First, you can’t move. A grain farmer who decides the water’s done can shift to dryland wheat, fallow some ground, and shrink his exposure in a season or two. Your freestall barn, parlor, and lagoon are poured into the ground and financed over 15 to 30 years. Those assets only pay out if cows keep milking and feed keeps growing — which quietly pressures you to pump one more year, then one more after that.
Then there’s the layering. Row crops use water to grow a crop. You use water to grow the crop and to water the animals eating it. When pumping depth increases or an allocation tightens, it hits feed cost and herd management at the same time.
And the timeline doesn’t line up. A dairy runs on a 20- to 30-year capital and breeding horizon. The worst Ogallala projections land squarely inside a barn financed in the last few years. Water doesn’t vanish overnight. But more struggling wells, deeper pumping, and higher costs all show up before that note is paid. To a lender looking at land values and collateral, that’s not abstract. That’s default risk.
How Should You Read Your Lender’s Next “No”?
When a banker says “we’re tightening up” or “we need more information,” it’s easy to take it as a knock on your management. Sometimes it is. Increasingly, it isn’t.

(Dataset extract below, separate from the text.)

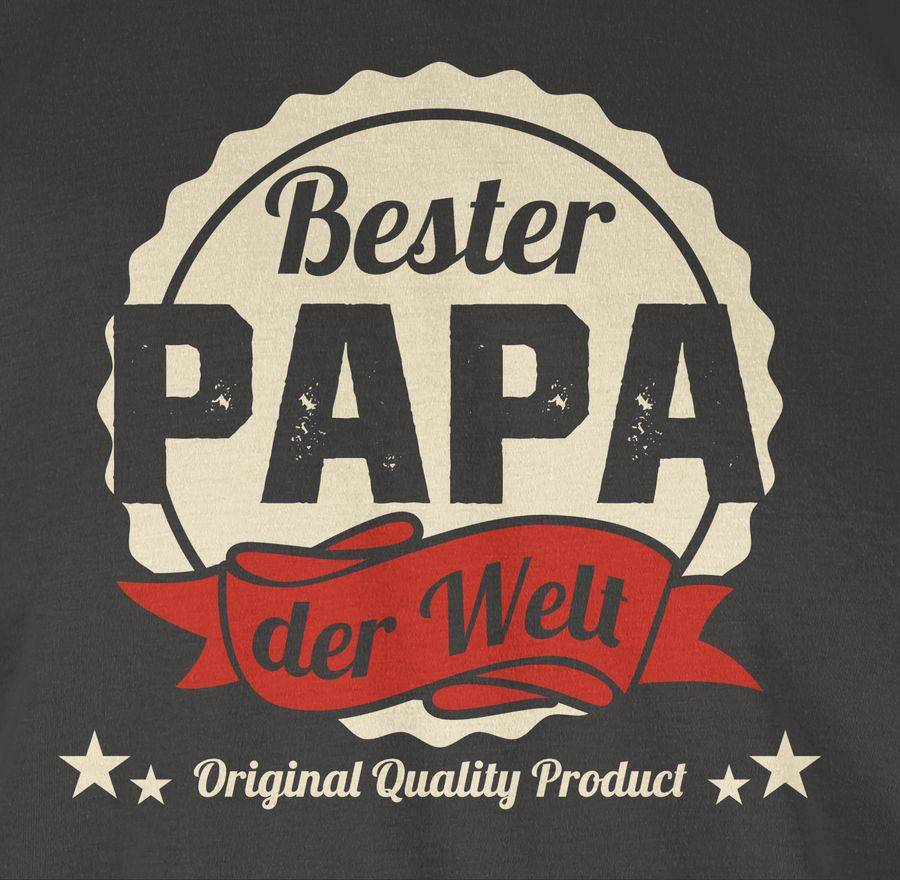 Shirtracer Bester Papa Der Welt Retro Badge Hell: T-Shirt Rucksack Shirtracer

The link between water and credit isn’t a hunch anymore — it’s measured. In a 2025 paper with the pointed title “Overdraft Fees? Groundwater Depletion and Agricultural Loan Performance,” University of Tennessee agricultural economist Gabriela Perez-Quesada and the USDA Economic Research Service’s Aaron Hrozencik found that as the High Plains Aquifer thins, farm loan delinquencies rise. A 10% drop in saturated thickness — about 14 feet, which most counties over the aquifer have already lost across three decades — lines up with a 26% jump in production-loan delinquency rates. Their conclusion is plain: falling groundwater “may impact the risk in agricultural credit markets, which has important implications for banks’ underwriting decisions.”
Walk that into a real renewal and you can see how it bites. Say your section has already given up its 14 feet over the last 30 years — which puts you in the same boat as most counties over the aquifer. To the loan officer running the numbers, your operation now carries about 26% more production-loan delinquency risk than a comparable dairy sitting over stable water, before you’ve said a word about your own cash flow. You can have clean books, strong components, and a tight cull rate, and still draw a harder conversation purely because of where your wells sit. That’s the part that stings — it isn’t about how you farm.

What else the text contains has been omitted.